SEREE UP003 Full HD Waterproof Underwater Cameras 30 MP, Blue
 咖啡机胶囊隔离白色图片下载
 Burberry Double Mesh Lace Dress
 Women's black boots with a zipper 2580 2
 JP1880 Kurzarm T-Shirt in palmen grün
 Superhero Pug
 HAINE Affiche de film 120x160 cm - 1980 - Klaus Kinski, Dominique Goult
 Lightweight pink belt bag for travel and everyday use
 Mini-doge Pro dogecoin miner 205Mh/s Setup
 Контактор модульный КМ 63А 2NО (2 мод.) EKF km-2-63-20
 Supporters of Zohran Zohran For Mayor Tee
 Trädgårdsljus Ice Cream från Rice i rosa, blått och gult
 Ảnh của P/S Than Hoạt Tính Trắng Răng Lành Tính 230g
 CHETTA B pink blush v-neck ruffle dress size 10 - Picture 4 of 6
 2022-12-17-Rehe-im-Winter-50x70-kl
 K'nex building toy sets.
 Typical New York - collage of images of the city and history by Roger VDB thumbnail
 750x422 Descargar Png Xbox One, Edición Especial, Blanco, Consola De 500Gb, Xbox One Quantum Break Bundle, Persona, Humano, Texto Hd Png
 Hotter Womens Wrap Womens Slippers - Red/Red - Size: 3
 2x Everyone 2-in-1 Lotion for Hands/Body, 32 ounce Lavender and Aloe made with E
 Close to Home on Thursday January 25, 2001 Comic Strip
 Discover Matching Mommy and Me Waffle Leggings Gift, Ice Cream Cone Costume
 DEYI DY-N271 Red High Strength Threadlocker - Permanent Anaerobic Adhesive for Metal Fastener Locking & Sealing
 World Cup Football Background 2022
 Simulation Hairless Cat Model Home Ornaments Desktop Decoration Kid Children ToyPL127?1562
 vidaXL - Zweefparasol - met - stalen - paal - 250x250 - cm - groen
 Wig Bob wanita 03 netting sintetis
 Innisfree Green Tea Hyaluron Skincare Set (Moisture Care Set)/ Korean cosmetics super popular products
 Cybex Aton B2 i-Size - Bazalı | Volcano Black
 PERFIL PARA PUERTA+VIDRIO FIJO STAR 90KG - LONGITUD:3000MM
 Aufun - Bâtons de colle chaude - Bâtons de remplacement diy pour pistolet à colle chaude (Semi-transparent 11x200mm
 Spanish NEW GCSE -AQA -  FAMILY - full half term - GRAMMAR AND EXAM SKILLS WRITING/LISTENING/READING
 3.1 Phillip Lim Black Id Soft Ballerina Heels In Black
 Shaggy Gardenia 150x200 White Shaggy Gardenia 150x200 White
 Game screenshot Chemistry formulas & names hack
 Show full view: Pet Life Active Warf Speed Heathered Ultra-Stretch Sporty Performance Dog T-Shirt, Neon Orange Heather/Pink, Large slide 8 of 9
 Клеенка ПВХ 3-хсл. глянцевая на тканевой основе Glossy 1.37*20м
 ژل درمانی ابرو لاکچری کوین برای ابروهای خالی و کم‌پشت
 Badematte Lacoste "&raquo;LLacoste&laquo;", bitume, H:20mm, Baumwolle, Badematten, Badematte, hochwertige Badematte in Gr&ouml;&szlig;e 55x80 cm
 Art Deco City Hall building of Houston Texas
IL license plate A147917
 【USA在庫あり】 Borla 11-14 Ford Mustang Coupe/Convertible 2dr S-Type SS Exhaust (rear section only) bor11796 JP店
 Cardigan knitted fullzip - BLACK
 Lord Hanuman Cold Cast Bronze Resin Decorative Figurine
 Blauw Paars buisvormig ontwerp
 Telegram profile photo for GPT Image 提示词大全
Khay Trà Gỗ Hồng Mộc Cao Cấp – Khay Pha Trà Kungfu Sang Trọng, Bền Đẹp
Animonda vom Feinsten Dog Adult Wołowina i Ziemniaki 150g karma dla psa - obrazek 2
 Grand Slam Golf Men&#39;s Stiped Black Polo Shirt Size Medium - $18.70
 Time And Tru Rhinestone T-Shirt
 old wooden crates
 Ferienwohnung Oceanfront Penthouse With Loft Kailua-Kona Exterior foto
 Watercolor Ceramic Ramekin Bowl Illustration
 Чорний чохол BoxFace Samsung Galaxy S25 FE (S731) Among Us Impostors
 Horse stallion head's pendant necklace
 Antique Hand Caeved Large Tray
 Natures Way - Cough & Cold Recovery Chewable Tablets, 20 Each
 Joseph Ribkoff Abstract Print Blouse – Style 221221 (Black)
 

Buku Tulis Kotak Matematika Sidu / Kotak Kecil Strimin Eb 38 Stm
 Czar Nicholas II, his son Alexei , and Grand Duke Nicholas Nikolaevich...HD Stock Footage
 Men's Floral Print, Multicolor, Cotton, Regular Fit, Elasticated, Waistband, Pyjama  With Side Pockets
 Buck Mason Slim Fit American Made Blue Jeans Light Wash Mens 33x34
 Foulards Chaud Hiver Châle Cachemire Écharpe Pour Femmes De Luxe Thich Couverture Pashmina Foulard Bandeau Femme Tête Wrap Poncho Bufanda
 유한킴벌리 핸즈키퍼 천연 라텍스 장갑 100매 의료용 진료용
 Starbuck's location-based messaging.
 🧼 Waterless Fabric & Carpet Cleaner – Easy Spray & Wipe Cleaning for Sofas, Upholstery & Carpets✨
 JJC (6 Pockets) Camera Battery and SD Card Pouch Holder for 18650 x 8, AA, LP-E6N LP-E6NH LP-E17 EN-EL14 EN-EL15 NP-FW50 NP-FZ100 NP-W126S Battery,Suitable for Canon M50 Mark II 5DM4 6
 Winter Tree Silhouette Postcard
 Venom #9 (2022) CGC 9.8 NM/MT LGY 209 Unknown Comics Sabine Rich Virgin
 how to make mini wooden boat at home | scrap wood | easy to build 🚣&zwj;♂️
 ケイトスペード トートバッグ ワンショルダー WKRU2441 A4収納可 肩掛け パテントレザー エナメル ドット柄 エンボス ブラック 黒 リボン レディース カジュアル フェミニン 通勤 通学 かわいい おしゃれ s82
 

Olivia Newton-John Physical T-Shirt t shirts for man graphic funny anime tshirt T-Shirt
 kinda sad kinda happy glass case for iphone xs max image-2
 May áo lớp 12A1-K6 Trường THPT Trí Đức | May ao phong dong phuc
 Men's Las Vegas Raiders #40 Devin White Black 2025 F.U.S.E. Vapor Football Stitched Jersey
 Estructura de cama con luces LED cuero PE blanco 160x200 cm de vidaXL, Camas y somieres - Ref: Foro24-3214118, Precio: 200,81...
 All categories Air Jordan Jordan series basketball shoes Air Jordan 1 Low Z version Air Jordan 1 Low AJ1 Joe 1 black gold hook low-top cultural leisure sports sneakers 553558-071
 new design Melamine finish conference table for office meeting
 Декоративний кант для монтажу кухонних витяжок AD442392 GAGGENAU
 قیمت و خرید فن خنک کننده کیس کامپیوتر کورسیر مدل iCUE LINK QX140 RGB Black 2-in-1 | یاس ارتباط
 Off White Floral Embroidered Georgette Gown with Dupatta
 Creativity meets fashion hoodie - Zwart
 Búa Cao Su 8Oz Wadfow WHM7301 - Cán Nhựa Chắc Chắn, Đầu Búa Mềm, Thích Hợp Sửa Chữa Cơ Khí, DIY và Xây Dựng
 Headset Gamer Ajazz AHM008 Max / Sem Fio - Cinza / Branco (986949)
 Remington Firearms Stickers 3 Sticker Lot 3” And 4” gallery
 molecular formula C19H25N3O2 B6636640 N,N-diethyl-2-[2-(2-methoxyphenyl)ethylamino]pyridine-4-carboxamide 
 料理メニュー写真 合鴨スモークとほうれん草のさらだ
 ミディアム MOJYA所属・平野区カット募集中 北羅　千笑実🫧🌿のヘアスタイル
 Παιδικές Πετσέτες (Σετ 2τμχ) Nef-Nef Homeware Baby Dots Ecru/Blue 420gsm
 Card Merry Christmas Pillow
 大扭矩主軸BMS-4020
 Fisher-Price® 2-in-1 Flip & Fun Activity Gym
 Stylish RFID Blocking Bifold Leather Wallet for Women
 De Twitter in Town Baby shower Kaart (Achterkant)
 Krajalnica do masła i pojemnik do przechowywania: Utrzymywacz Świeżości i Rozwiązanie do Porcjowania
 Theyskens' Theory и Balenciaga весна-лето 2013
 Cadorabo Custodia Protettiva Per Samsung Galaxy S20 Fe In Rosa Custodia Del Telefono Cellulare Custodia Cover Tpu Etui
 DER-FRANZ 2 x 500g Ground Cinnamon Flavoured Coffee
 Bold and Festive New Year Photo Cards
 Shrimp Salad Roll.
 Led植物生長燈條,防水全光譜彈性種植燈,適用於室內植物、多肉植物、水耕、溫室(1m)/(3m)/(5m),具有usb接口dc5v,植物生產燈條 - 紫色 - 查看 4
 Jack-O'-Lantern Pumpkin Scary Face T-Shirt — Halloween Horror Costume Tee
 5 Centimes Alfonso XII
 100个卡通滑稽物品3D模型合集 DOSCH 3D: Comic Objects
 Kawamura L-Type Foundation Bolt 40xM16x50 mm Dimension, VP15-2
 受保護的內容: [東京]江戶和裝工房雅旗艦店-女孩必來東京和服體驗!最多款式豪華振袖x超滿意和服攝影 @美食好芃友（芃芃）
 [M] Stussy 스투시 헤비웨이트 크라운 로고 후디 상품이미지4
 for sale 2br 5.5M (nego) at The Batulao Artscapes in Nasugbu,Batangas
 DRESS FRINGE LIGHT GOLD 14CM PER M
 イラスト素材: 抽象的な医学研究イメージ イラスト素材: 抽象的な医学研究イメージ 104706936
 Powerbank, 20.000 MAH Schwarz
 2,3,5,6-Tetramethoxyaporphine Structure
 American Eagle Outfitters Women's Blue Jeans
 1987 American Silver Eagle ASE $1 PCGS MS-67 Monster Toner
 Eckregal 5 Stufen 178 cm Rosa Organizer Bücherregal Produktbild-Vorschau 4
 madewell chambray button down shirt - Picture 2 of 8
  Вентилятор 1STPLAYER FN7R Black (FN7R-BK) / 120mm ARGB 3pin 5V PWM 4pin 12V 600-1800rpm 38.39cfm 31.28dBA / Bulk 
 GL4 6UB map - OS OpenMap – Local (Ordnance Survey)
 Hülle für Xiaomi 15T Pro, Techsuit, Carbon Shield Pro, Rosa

═══

[Task item]
Everything from the line containing "GL4 6UB map" to the last line of the entries above should be quoted exactly, and only that.

[Answer]
 GL4 6UB map - OS OpenMap – Local (Ordnance Survey)
 Hülle für Xiaomi 15T Pro, Techsuit, Carbon Shield Pro, Rosa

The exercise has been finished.